Non sono parole eccessive: per rendersene conto basterebbe ricordare che, ben prima che comparisse all’ingresso di Auschwitz la famosa e truculenta massima: “il lavoro rende liberi”, ne era esistita un’altra molto simile proprio sulle isole Solovki che recitava non meno sinistramente: “Il lavoro fortifica l’anima e il corpo”. Era il 1919, quando Lenin, Lenin non Stalin, requisiva le isole Solovki, trasformandole così in un modello infernale di repressione, e inaugurando quello che è stato chiamato dal grande storico franco-bulgaro Tzvetan Todorov «il secolo delle tenebre», espressione con cui apriva nel marzo del 2000 un convegno senese su “Storia, verità, giustizia. I crimini del XX secolo”, pubblicato poi con questo titolo all’inizio del 2001 da Bruno Mondadori: «se il settecento è il secolo dei lumi», egli diceva, «il novecento è il secolo delle tenebre». Solženicyn, quando era rinchiuso nei “campi di rieducazione”, pensava talvolta che ad un immenso paese come la Russia mancassero uomini di genio, spiriti eletti talmente profondi e ispirati da riuscire a congiungere una sapienza eterna, sia di natura umana che divina, con la fiera vitalità della cultura e della storia, con l’amore stesso della nazione.

A dire il vero, per quanto riguarda in particolare il versante divino di quella sapienza, almeno uno di quegli spiritti eletti poteva e doveva essere rinvenuto in Pavel Florenskij che invece la Russia avrebbe completamente dimenticato per decenni e decenni dopo la sua morte: solo dopo il 1991, con l’apertura degli archivi segreti del KGB, apertura tuttavia interrotta in seguito da Putin, il mondo russo ma soprattutto il mondo tout court cominciò a riappropriarsi di una gigantesca anima del XX secolo. Con la guerra in corso in Ucraina, uomini come Florenskij, pacifici ma combattenti e non abituati ad indietreggiare dinanzi a minacce e a torture di qualsiasi genere, e sempre guidati dalla luce della fede e dal coraggio della verità e della giustizia amorevole, potrebbero contribuire a dare una grande speranza di rigenerazione materiale e spirituale all’intera umanità.

Tuttavia, per chi vuol capire l’essenziale, sussistono ormai oggettive possibilità di comprensione razionale e demistificante, ovvero, volendo lasciare la conclusione ad un ottimo giornalista italiano come Vittorio Ferla: «Il paradosso è che, in questa guerra, un erede del nazismo effettivamente esiste, ma è lo stesso tiranno russo. “Con l’invasione dell’Ucraina, Putin, la sua cerchia ristretta e i generali stanno ora rispecchiando il fascismo e la tirannia di 70 anni fa, ripetendo gli errori dei regimi totalitari del secolo scorso”, dichiara il ministro della Difesa britannico, Ben Wallace, con la cruda schiettezza che spesso contraddistingue gli anglosassoni.
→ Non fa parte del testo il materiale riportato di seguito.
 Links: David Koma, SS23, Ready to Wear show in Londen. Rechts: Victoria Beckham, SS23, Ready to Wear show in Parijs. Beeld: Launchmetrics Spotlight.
Che, peraltro, di bombardamenti nazisti se ne intendono: la capitale Londra fu colpita nel settembre del 1940.

La verità è che le somiglianze tra l’aggressione russa odierna e la guerra di conquista di Hitler in Europa dopo il 1939 sono più d’una. C’è un dittatore che ha ordinato l’invasione di un territorio straniero autonomo per l’autoesaltazione della propria nazione. Lo ha fatto senza essere stato provocato da un attacco da parte del paese invaso, perseguendo i suoi obiettivi in violazione degli accordi bilaterali e internazionali e del diritto riconosciuto nelle carte dell’Onu. L’invasione è giustificata sulla base di false pretese di supremazia storica, ideologica e, perfino, mistico-religiosa. Si propaga un mito secondo cui le vittime dell’aggressione vengono di fatto liberate dall’oppressione. I militari hanno agito barbaramente, puntando direttamente la popolazione civile con l’obiettivo della sua eliminazione fisica, etnica e culturale. Nel frattempo, la popolazione civile è vittima di una manipolazione ideologica totalitaria» (V. Ferla, E’ proprio Putin il miglior erede della paranoia nazista, in sito online “Libertà eguale”, 11 maggio 2022).